Many of my favorite verses speak to this:
“This is what the Sovereign Lord, the Holy One of Israel says: ‘In repentance and rest is your salvation, in quietness and trust is your strength, but you would have none of it.’” ~Isaiah 30:15
“Wait for the Lord; be strong and take heart and wait for the Lord.” ~ Psalm 27:14
“I wait for the Lord, my soul waits, and in his word I put my hope. My soul waits for the Lord more than watchmen wait for the morning, more than watchmen wait for the morning.” ~ Psalm 130:5, 6
“In the morning, O Lord, you hear my voice; in the morning I lay my requests before you and wait in expectation.” ~ Psalm 5:3
“We wait in hope for the Lord; he is our help and our shield. In him our hearts rejoice, for we trust in his holy name.
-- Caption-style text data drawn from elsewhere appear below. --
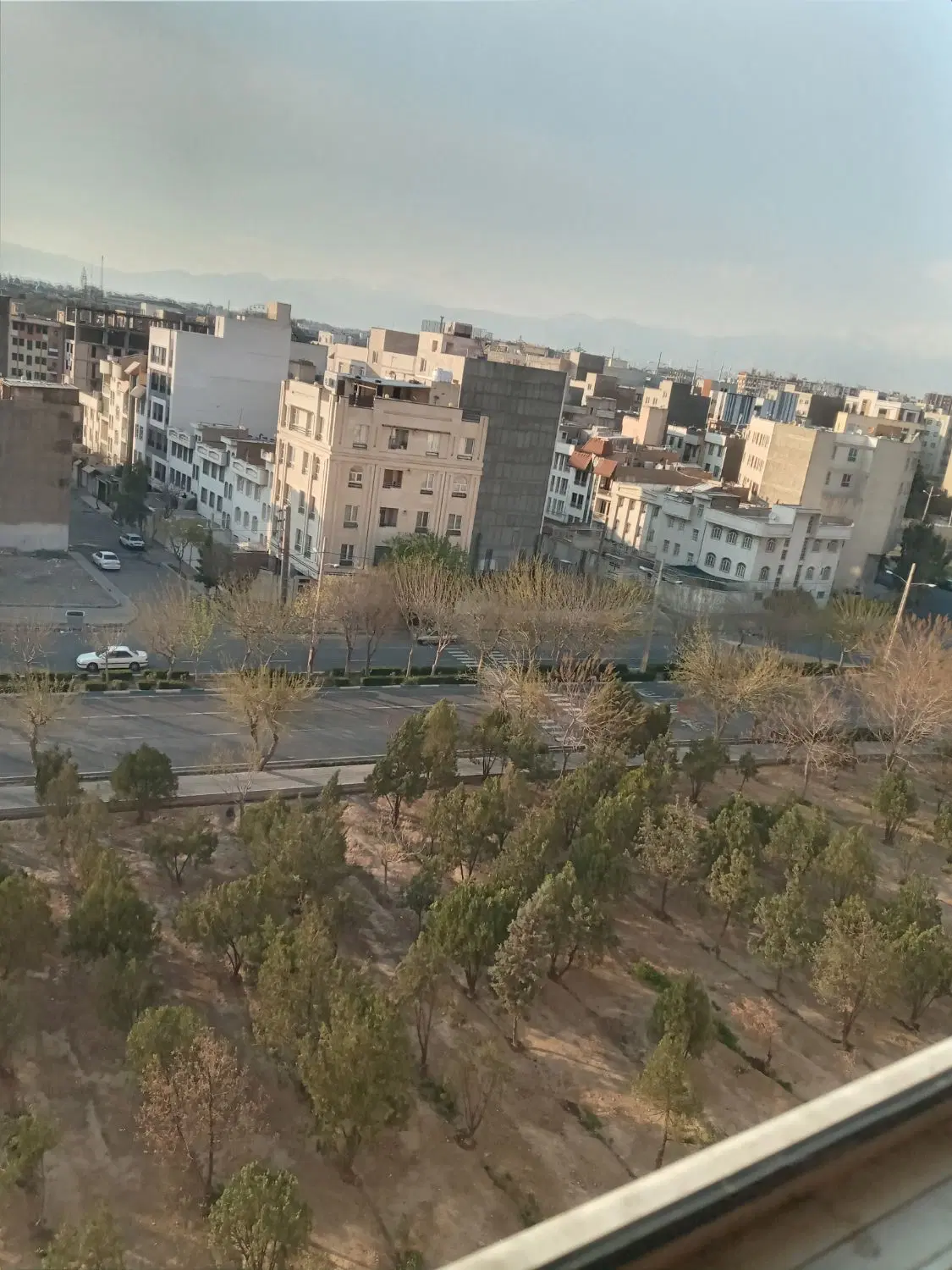 فروش یک واحد آپارتمان زیر قیمت در مجتمع گل نرگس
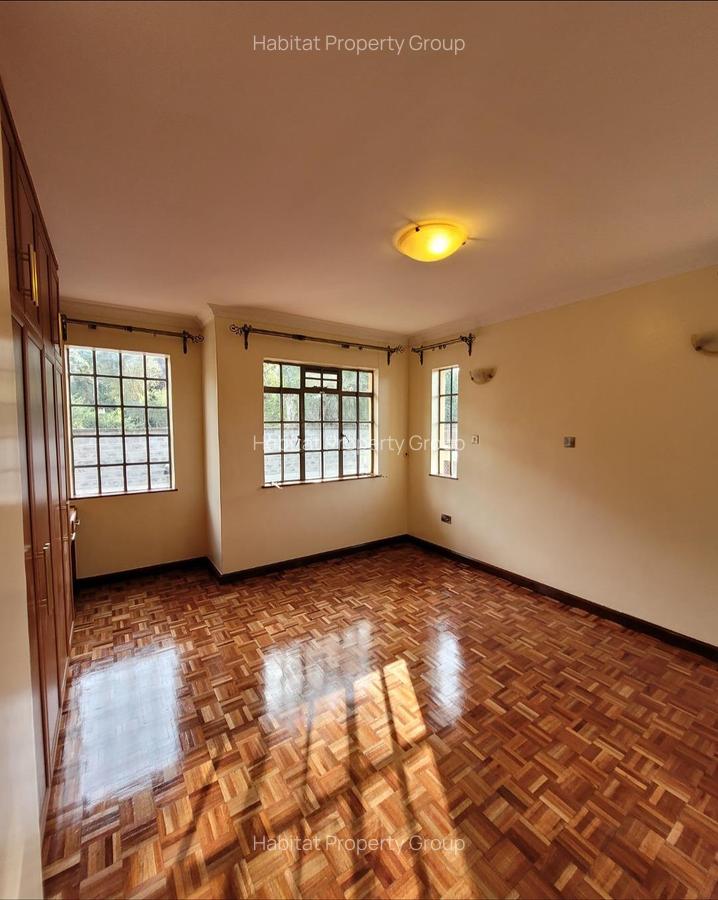 4 Bed Townhouse with En Suite in Lavington - 11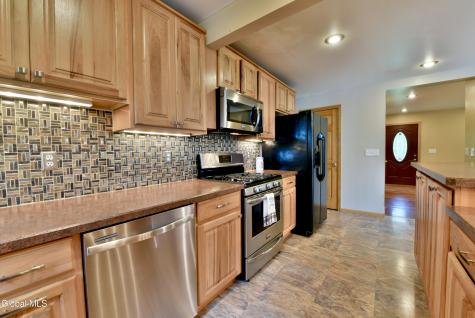 87 Lasher Road Selkirk NY 12158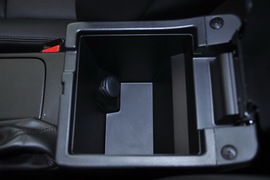 2010款铃木凯泽西2.4L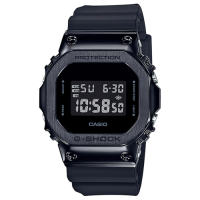 CASIO卡西歐  G-SHOCK系列 經典手錶(GM-5600B-1)-黑/43.2mm
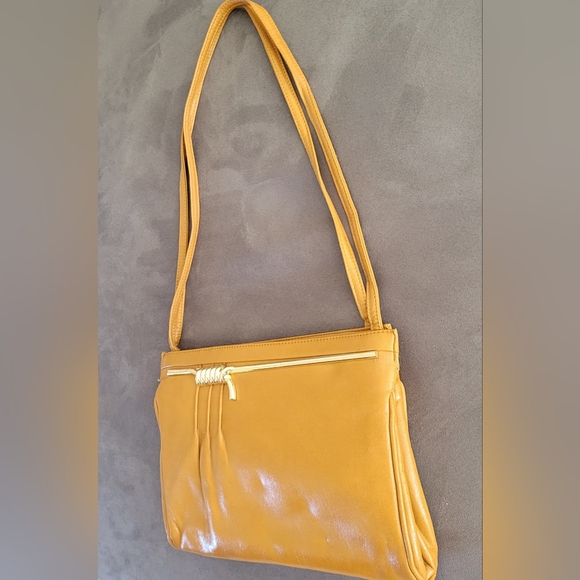 Women's Tan Shoulder Bag 8x11" - Picture 2 of 7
May your unfailing love be with us, LORD, even as we put our hope in you.” ~ Psalm 33:20-22
“Yet the Lord longs to be gracious to you; he rises to show you compassion. For the Lord is a God of justice. Blessed are all who wait for him!” ~ Isaiah 30:18
I am learning that, like resting, waiting is an action verb. Waiting is not a waste of time (of which part of me is sure it is!). I have walked with the Lord long enough to know that while I think the shortest way from point A to point B is a straight line, many times God says, “Oh no! You must go back to Z first and start there!” While this makes no sense to me at all, and sometimes it looks as though all is lost, the results have always been far better than I could have imagined. God had not forgotten me.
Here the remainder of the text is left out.